Jihad-Defence-Indonesia - JAKARTA : Rambo - tokoh heroik ternama dalam film produksi Hollywood, Amerika Serikat - tiba-tiba menjadi bahan pembicaraan dalam acara peluncuran buku berjudul "Ancaman di Batas Negeri" karya Maria Dominique yang digelar Makostrad (Markas Komando Cadangan Strategis TNI AD) Jakarta Pusat, Rabu (12/12/2012) kemarin.
Menurut Maria Dominique, kehebatan Rambo dalam berperang tersebut hanya bohong belaka. Jika dibandingkan dengan kehebatan pasukan Kostrad, kata Maria, Rambo tidak ada apa-apanya. "Kostrad jauh lebih hebat," tegas Maria.
Kenapa Maria bisa ngomong demikian? Maria rupanya pernah "menguntit" perjuangan pasukan Kostrad selama menjaga perbatasan Indonesia-Malaysia di Entikong. Kisah perjalananya mengikuti Satgas Pamtas Yonif Linud-305 Kujang I Kostrad itulah yang dia dokumentasikan dalam buku berjudul "Ancaman di Batas Negeri" tersebut.
Kenapa Maria bisa ngomong demikian? Maria rupanya pernah "menguntit" perjuangan pasukan Kostrad selama menjaga perbatasan Indonesia-Malaysia di Entikong. Kisah perjalananya mengikuti Satgas Pamtas Yonif Linud-305 Kujang I Kostrad itulah yang dia dokumentasikan dalam buku berjudul "Ancaman di Batas Negeri" tersebut.

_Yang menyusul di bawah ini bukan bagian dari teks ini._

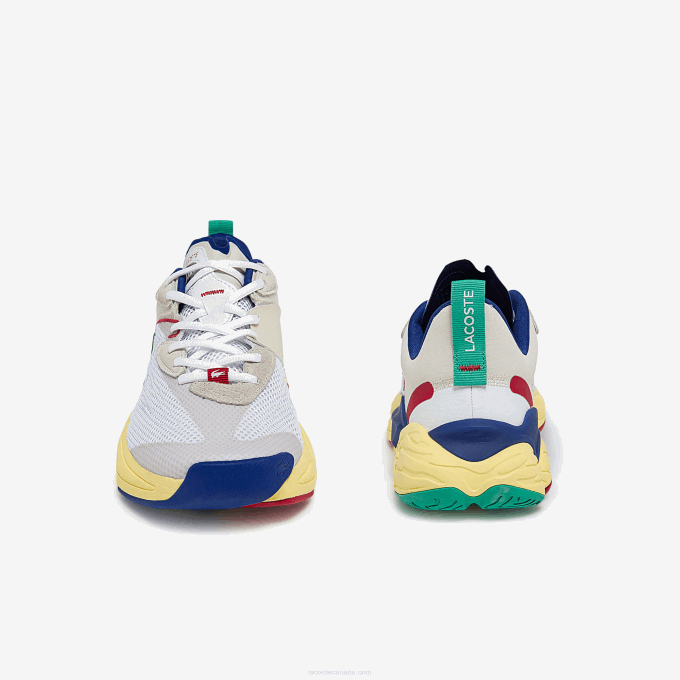 Men Lacoste V0ZN1857 Off White & Blue 2Q9 Aceshot Textile and Synthetic Sneakers - Image 5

Menurut Maria, nilai heroisme Batalyon Tengkorak (sebutan akrab Satgas Pamtas Yonif Linud-305 Kujang I Kostrad), juga jauh lebih hebat ketimbang Rambo. Sebab, selama menjaga perbatasan, para anggota Batalyon Tengkorak bukan hanya menjaga keamanan kawasan perbatasan saja, tapi juga menjalankan tugas-tugas pelayanan publik seperti menjadi guru bagi anak-anak perbatasan, memberikan pelayanan kesehatan kepada masyarakat dan masih banyak lagi.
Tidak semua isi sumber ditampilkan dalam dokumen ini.